In the following experiments, mice were randomized as the vehicle (1% DMSO plus physiological saline)-treated and the drug (KL001)-treated groups had matched body weight and similar alcohol intake 1 day before the test day. The drug dissolved in the vehicle was administered by an experimenter, blinded to the treatments given to the experimental groups.

3.1.1. Single administration after 0 hour of alcohol access at ZT15.

After 1 day of withdrawal, at ZT15, alcohol (15% concentration) was presented 30 min after a single injection of KL001 (1, 2 or 4 mg/kg in 1% DMSO, i.p.) or vehicle, and then alcohol and water intake values were recorded after alcohol access at 0, 4, 8 and 24 hours (ZT15, ZT19, ZT23 and ZT15, respectively). The KL001 doses chosen were based on our pilot study.

3.1.2. Single administration after 4 hours of alcohol access at ZT19.

Similar study was conducted, except that single injection of KL001 with 4 mg/kg (the most effective dose at ZT15) or vehicle was given at ZT19 (4 hours after alcohol access). Alcohol and water intake values were recorded after KL001 injection at 0, 4 and 20 hours (ZT19, ZT23 and ZT15, respectively).

3.2. Sucrose (caloric reinforcer) and saccharin (non-caloric reinforcer) drinking.

With 4 mg/kg KL001 (the most effective dose tested for reducing alcohol intake) at ZT15, we further tested the specificity of the action of KL001 on alcohol using sucrose or saccharin drinking behavior following the IAD or after single administration in alcohol naïve mice. In the following experiments, 15% alcohol IAD exposure was identical to those in the above experiment as described in section 3.1. After 3 weeks of IAD, the alcohol tube was switched to sucrose for 3 sessions with stable intakes. The mice assigned to the vehicle-treated or KL001-treated groups had similar sucrose intake 24 hours before the test day. On the test day, sucrose (2%) and water intake values were recorded after 0, 4, 8 and 24 hours of sucrose access (ZT15, ZT19, ZT23 and ZT15, respectively). In parallel separate experiments, saccharin drinking (0.1%) was tested after 3 weeks of IAD with an identical procedure.

3.2.1. Single administration of KL001 at ZT15 on sucrose or saccharin drinking after 3-week IAD.

A single i.p. injection of KL001 (4 mg/kg) in 1% DMSO or vehicle was given 30 min before the sucrose or saccharin were presented at ZT15. Mice were assigned to one of two treatment groups: vehicle as control and KL001.

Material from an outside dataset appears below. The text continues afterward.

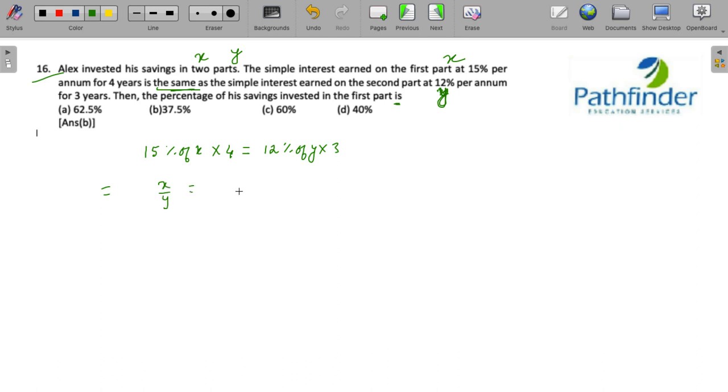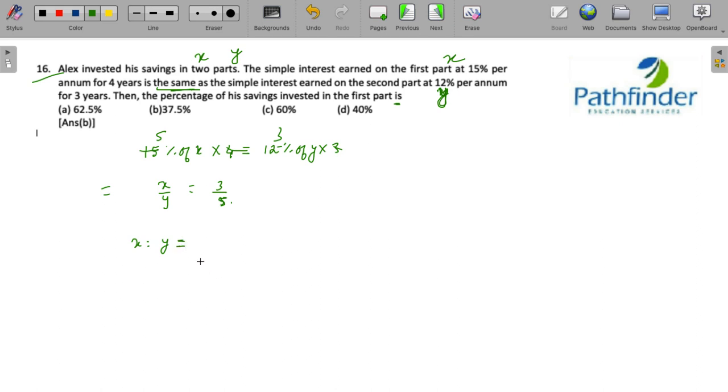If you simplify this you will get the value of x upon y. So we have three fives are 15 and four threes are 12. So the value of x upon y is 3 is to 5. So the ratio of first and second part is three is to five.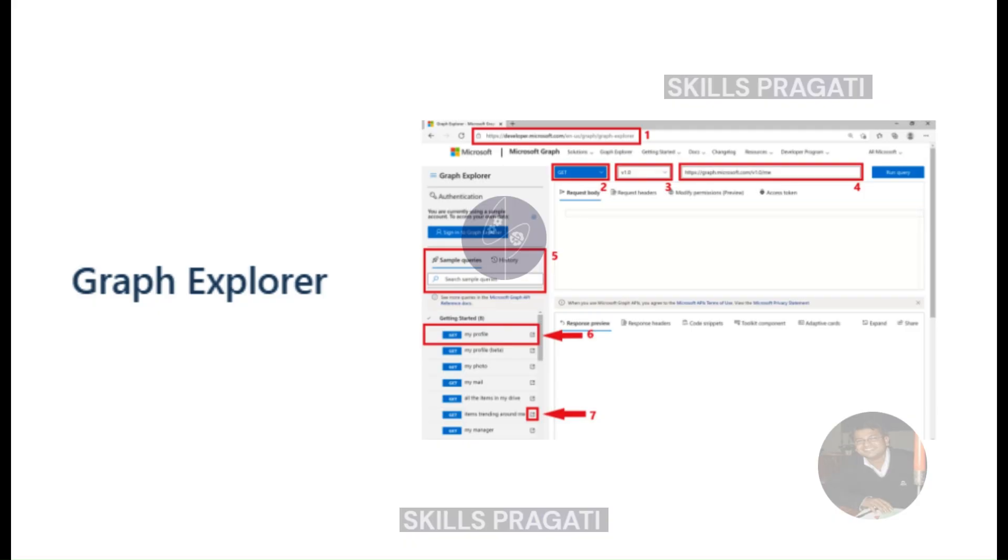Microsoft Graph Explorer is a valuable, free, and open source tool designed to facilitate the execution of Microsoft Graph REST API requests. What sets it apart is its accessibility. No installation or setup is required, making it an ideal environment for practicing and learning Microsoft Graph APIs before integrating them into your applications.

3.2.2. Single administration of KL001 at ZT15 on sucrose or saccharin drinking in alcohol-naïve mice.

The procedures were identical to the above, except the mice were exposed to sucrose or saccharin only (after 3 training sessions).

3.3. The alcohol deprivation effect (ADE) after 1-week withdrawal from 3-week IAD.

In C57BL/6J mice, this model has been used for many years in our laboratory [Zhou et al. 2017] (Table S1). Mice had 24-h access to alcohol vs water on alternating days for 3 weeks. In the baseline session, 15% alcohol and water intake values were recorded at 0, 4, 8 and 24 hours (ZT15, ZT19, ZT23 and ZT15, respectively) during the 3rd week of IAD. The alcohol bottles were then removed from the cages, and after 7 days of withdrawal, the alcohol (30%) bottles were presented 3 hours after the dark cycle at ZT15 and the alcohol and water intake values were recorded at 0, 4, 8 and 24 hours (ZT15, ZT19, ZT23 and ZT15, respectively) in the ADE session.

3.3.1. Single administration of KL001 in the ADE model.

The mice assigned to the vehicle-treated or KL001-treated groups had similar alcohol intake in the baseline session. Control group: mice received one vehicle injection (1% DMSO, i.p.) before the ADE test; and KL001 group: mice received one KL001 injection (2 or 4 mg/kg in 1% DMSO, i.p.) before the ADE test at ZT15. Then, alcohol was presented 30 min after KL001 or vehicle injection, and alcohol and water intake values were recorded after 0, 4, 8 and 24 hours of alcohol access (ZT15, ZT19, ZT23 and ZT15, respectively). The KL001 doses chosen (2–4 mg/kg) were based on the above IAD experiments.

3.3.2. Repeated administration of KL001 in the ADE model.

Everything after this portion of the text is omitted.